If you see 0B under DISC-MAX, then something didn’t work:

MOUNTPOINT               DISC-MAX FSTYPE
/                              0B ext4

However, if you see an actual size, then congrats. You support discard:

MOUNTPOINT               DISC-MAX FSTYPE
/                              1G ext4

Configure your VMs themselves to discard unused data

Manually run an fstrim to discard all the currently unused crufty storage you’ve collected on all applicable filesystems:

sudo fstrim -a

Going forward, you can either add ‘discard’ to the mount options in fstab, or use fstrim periodically. I opted for fstrim, as it has a systemd timer unit that can be scheduled:

sudo systemctl enable fstrim.timer
sudo systemctl start fstrim.timer

Done! Or am I…

Now, there are additional considerations to be made during backup.

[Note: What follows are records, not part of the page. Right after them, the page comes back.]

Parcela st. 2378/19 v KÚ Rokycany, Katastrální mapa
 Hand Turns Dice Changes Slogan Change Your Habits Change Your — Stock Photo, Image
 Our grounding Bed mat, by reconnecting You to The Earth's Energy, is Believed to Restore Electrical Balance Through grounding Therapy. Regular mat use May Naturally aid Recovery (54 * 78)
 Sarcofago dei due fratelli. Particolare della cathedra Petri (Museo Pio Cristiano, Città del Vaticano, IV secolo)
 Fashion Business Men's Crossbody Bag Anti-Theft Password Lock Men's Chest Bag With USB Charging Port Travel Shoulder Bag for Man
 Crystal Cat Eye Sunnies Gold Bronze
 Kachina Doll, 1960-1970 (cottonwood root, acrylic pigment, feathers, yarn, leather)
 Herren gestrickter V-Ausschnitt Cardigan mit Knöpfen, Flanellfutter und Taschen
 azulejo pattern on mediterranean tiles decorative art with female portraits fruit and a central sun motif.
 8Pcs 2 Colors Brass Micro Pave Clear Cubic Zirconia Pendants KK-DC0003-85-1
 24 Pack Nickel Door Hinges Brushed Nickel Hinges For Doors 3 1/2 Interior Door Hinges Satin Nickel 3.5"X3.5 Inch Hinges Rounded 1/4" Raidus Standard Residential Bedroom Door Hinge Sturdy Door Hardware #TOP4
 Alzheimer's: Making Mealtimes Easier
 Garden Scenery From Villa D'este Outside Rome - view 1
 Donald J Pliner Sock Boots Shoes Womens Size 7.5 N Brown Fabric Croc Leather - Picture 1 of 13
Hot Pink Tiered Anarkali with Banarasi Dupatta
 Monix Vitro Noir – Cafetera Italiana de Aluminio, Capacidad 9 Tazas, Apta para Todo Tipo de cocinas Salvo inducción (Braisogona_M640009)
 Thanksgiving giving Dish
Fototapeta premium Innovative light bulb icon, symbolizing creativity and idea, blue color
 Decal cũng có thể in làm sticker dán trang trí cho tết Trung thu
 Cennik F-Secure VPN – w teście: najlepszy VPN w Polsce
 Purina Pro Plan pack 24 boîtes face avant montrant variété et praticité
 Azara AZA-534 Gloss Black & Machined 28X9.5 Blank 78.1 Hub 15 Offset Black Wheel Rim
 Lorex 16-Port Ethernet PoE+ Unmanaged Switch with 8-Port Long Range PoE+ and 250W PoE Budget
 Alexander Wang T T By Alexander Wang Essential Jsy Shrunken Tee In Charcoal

For example, if you use rsync, you’ll probably want to add –sparse as an option, so it doesn’t inflate your backup copy to full size. However, that won’t actually punch holes that have been discarded since the last backup. So you still need to use fallocate on your backup copies to actually reclaim discarded space.

Another pain is I back up to a btrfs filesystem, which uses snapper to preserve previous revisions. This should be a great solution, however, there are other considerations:

rsync’s default behaviour is to do all work in a copy, then replace the original. As far as btrfs is concerned, this is an entirely new data, and doesn’t share anything with existing snapshots. That means btrfs snapshots are quite bloated.
need to use –inplace to avoid above snapshot bloat.
–inplace and –sparse are mutually-exclusive. Well shit.

My current solution is to use –inplace for backups, then fallocate all files. I try to manually rsync --sparse new VMs ahead of their initial backup to avoid the temporary inflation that –inplace would cause.